The story shows its nature immediately, as in the first scene we witness a terrified Mi-hee watching her son disappear into a door drawn by a tremendous, invisible force, while her husband, Cheol-joong is laying injured in the basement, dying. The next scene has Mi-hee arrested by the police, as the sole perpetrator of the ordeal. 25 years later, an aged Mi-hee returns to the house, in a last attempt to realize what happen. Soon, she finds herself accompanied by a forceful priest, Choi Joon-ho, who shows a sincere interest in her case, despite her protests. As the story before the initial events begin unraveling through flashbacks and Priest Choi’s research, the true reason behind the supernatural events is revealed, which also involves a number of non-metaphysical events.

Lim Dae-woon manages to create an atmosphere that soars with agony and terror, from the first scene to the end, with very few moments of calmness. In this tactic, he is helped the most by the cinematography, which uses the space of the house in the most elaborate way, in order to create a claustrophobic environment of terror. The same applies to the editing, with the continuous abrupt cuts, but most of all the sound, with the intense effects and the screaming creating a truly hellish setting.

As it has become the rule in S.Korean cinema, Lim Dae-woong had to induce the film with some melodrama, which, in this case, derives from the relationship of a mother with her children. This however, is the element that makes the movie stand out from the majority of the category, through a quite well presented combination of supernatural horror, drama and sci-fi elements. At times, it seems that Lim may have taken the story a bit too far, particularly during the ending, but even this hyperbole fits the general aesthetics of the story. However, it does not mean that he has avoided the clichés of the above genres completely.

The film also makes two additional points, although none of them is thoroughly examined. The first one regards religion and particularly Christianity, who is presented initially as a hopeless concept, only to mend the fact at the end.
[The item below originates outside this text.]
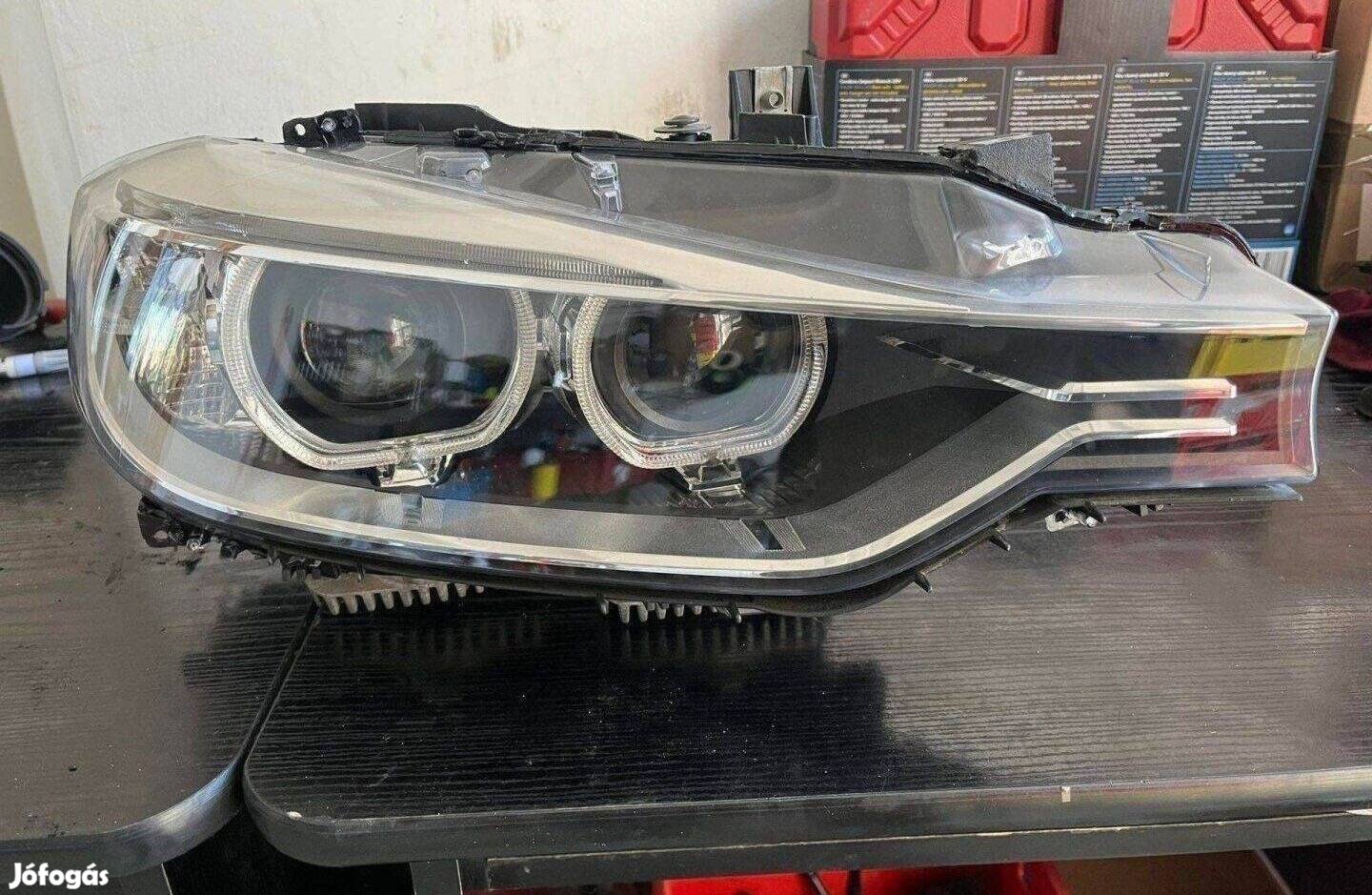 Gyári BMW F30 adaptív kanyarkövető xenon fényszóró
Child abuse is another subject, in conjunction with domestic violence, both of which are presented as horrors of supernatural proportions.  Lastly, I could not help but comparing the exorcism with the one in “The Wailing”, with the two of them sharing a number of similarities; like the fact that they are both among the most impressive scenes (if not the most) in the two films.

Yunjin Kim is the undisputed star of the film, as she appears on almost every scene in the film. Once more, she is great, this time as a terrified, disoriented, but determined mother, who has to face a number of forces that are much above her. Her transformation through the above statuses is the highlight of an impressive performance that anchors the film in many ways. Ok Taec-yeon as Priest Choi has a secondary and relatively laconic role, with Lim Dae-woon drawing much from his impressive looks. Jo Jae-yoon as Cheol-joong is quite good in a very difficult role, of a man with no merits.

Lim Dae-woon seems to have taken a number of elements of different genres and movies in order to create a unique amalgam that features horror, sci-fi and melodrama. Although not many elements of the film are unique, he managed to combined them in very entertaining fashion, in order to present a film that benefits the most from its atmosphere and Yunjin Kim’s performance.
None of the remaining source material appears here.